Deconstructed nachos were the inspiration behind this fun pizza. Made with chili-spiced black-bean puree, tomatoes, olives, shredded lettuce and cheese on a whole-wheat crust, the pie also gets a little sour cream (a nacho staple) on top.
1 can canned black beans, rinsed
1 jar 5-7oz jarred roasted red peppers
1 garlic clove OR 1 ½ Tsp minced garlic
1 tablespoon chili powder
1 pound whole-wheat pizza dough OR I used a Large Boboli Thin Pizza Crust
Cornmeal, for dusting IF you are using pizza dough
1 cup shredded Monterey Jack cheese OR I used a combination of Mozzeralla and Sharp Cheddar - use what you have on hand
1 cup cup grape tomatoes, halved
A small can of pitted black olives, sliced
2 scallions, thinly sliced
shredded butter lettuce
Set a pizza stone on the bottom of the oven and preheat the oven to 450°. In a food processor, combine the black beans with the roasted red peppers, garlic clove and chili powder and puree until smooth. Season with salt.

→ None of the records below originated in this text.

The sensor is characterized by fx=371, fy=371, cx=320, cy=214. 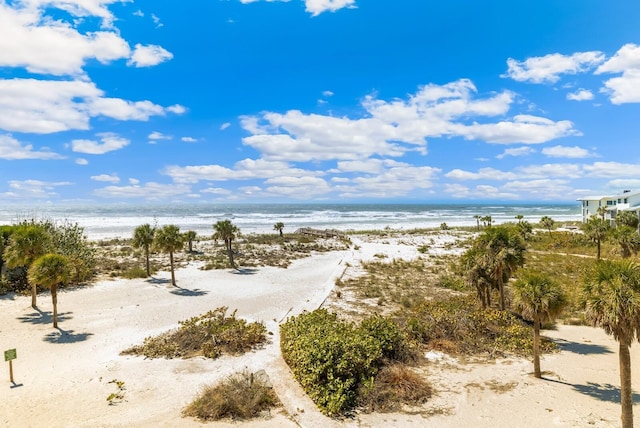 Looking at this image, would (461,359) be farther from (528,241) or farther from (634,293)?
(528,241)

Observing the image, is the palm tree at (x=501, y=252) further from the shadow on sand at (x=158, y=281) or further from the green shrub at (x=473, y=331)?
the shadow on sand at (x=158, y=281)

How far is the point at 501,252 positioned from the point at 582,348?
17.3 ft

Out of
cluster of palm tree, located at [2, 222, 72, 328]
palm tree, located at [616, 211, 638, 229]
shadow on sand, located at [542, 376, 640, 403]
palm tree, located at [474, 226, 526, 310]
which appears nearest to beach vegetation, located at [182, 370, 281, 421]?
shadow on sand, located at [542, 376, 640, 403]

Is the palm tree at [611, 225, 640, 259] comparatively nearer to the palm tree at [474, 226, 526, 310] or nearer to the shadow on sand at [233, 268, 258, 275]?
the palm tree at [474, 226, 526, 310]

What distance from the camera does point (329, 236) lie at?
63.5 metres

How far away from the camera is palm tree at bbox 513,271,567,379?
13.4 meters

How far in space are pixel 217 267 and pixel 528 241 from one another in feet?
140

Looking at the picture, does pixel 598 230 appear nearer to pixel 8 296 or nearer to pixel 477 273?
pixel 477 273

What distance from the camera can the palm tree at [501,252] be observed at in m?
18.5

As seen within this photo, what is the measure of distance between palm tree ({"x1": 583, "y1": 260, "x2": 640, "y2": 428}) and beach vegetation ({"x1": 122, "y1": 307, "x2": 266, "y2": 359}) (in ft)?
41.6

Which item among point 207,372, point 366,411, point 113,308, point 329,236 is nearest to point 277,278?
point 113,308

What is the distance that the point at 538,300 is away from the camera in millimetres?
13367

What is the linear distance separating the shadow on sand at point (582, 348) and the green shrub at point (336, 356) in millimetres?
7826

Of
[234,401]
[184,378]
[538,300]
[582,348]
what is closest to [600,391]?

Stretch the pizza dough to a 12-inch round and transfer to a cornmeal-dusted pizza peel. OR use the Boboli Pizza crust. Spread the black-bean puree on top, leaving a 1/2-inch border. Sprinkle with the cheese, tomatoes, olives and scallion.
As a note: I cut the cherry tomatoes in half and roasted them in the oven in a cast iron pan drizzled with Olive oil and sprinkled with kosher salt for 10 min before I put them on the pizza.
Slide the pizza onto the preheated stone and bake for 12 minutes, until the bottom is crisp and the cheese is bubbling. Transfer the pizza to a work surface and top with the lettuce and dollops of the sour cream and cilantro if using it. Cut into wedges and serve at once.